By David Abel  |  Globe Staff  |  8/01/2002

MEXICO CITY - They hung from trees, crowded onto rooftops and balconies, and some scuffled for front-row views along the boulevards of this massive city.

Walking, hitching rides, and flying in from all over this staunchly Catholic country, more than 4 million people thronged into the streets to glimpse Pope John Paul II, bringing much of this smoggy, car-choked capital to a standstill. The pontiff waved wearily to onlookers as his motorcade brought him to and from the Basilica of Guadalupe, where he canonized the Americas' first indigenous saint.

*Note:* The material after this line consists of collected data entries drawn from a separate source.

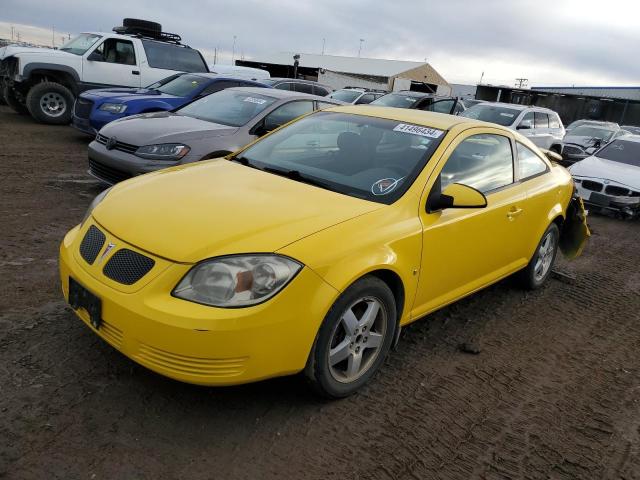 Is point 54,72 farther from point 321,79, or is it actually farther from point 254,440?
point 321,79

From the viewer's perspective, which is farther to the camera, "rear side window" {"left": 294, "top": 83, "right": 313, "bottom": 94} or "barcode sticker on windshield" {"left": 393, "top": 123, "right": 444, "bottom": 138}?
"rear side window" {"left": 294, "top": 83, "right": 313, "bottom": 94}

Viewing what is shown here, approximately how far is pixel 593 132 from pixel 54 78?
16274mm

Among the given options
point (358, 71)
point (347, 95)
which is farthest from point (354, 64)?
point (347, 95)

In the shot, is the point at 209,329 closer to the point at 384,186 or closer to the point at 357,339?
the point at 357,339

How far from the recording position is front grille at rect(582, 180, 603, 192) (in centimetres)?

Maria Morales spent hours crammed into a small truck traveling from a northern state. Though she arrived a day before and hoped to attend the Mass yesterday, the 35-year-old robed nun wasn't one of the 22,000 able to enter the sprawling basilica.
Instead, with millions of others, she took a yellow and white Vatican flag and settled for a spot along the 10-mile path the pope took from the basilica to the capital's apostolic nunciature.

"It was quick, but it was definitely worth the trip," said Morales, after the popemobile passed her, moving more quickly than it had on other visits, she and others said. "Just to see him - that's all I wanted."

The city organized more than 200,000 volunteers and some 35,000 police officers to keep the streets clear as the pope made his way around Mexico City, police officials said. Government workers planted flowers, spruced up battered streets with fresh paint, and erected large screens at closed-off intersections around the city to let people watch the pope's Mass.

At one intersection along Paseo de la Reforma, the city's principal thoroughfare, about 5,000 people wept, sang, and chanted: "Juan Pablo Segundo, te quiere todo el mundo," telling the pope: "The whole world loves you."

Both before and after the pope drove past, the crowd was jubilant, as if in the midst of a fiesta. People danced, listened to mariachi bands, and they sold everything from tamales and peanuts to CDs, posters, and T-shirts with the pope's image.

"This visit - probably his last visit to Mexico, unless God sends him back - gives us all a lot of happiness," said Heriberto Castaneda, 48, who has seen the pope each of the five times he has visited this nation since his first trip here in 1979.

Most onlookers just wanted to get a look at the pope during his 42-hour visit on the third and final leg of an 11-day journey that also took him to Canada and Guatemala, where he canonized Central America's first saint on Tuesday.

Some Catholics have criticized the Vatican's decision to canonize Juan Diego, a 16th century Aztec Indian who is said to have seen the Virgin of Guadalupe, Mexico's patron saint, in 1531. Skeptics complain that Juan Diego's vision was an invention of the Catholic Church to help it proselytize among natives after the Spanish conquest.

Still, pictures of the Virgin of Guadalupe hang in nearly every home and from the rear-view mirrors of many cars, a symbol of the role the image has played in securing Catholicism's hold on Mexico.

For Ophelia Retez, the canonization of Juan Diego was a statement that surpassed everything the pope has said and done. The 52-year-old, most of whose family is indigenous, said the pope was recognizing a population that has long suffered from discrimination in Mexico.

"This is really huge for us," she said after blowing kisses as the pope zipped by yesterday. "He has touched this country very deeply, and especially the Indians. We will never forget him."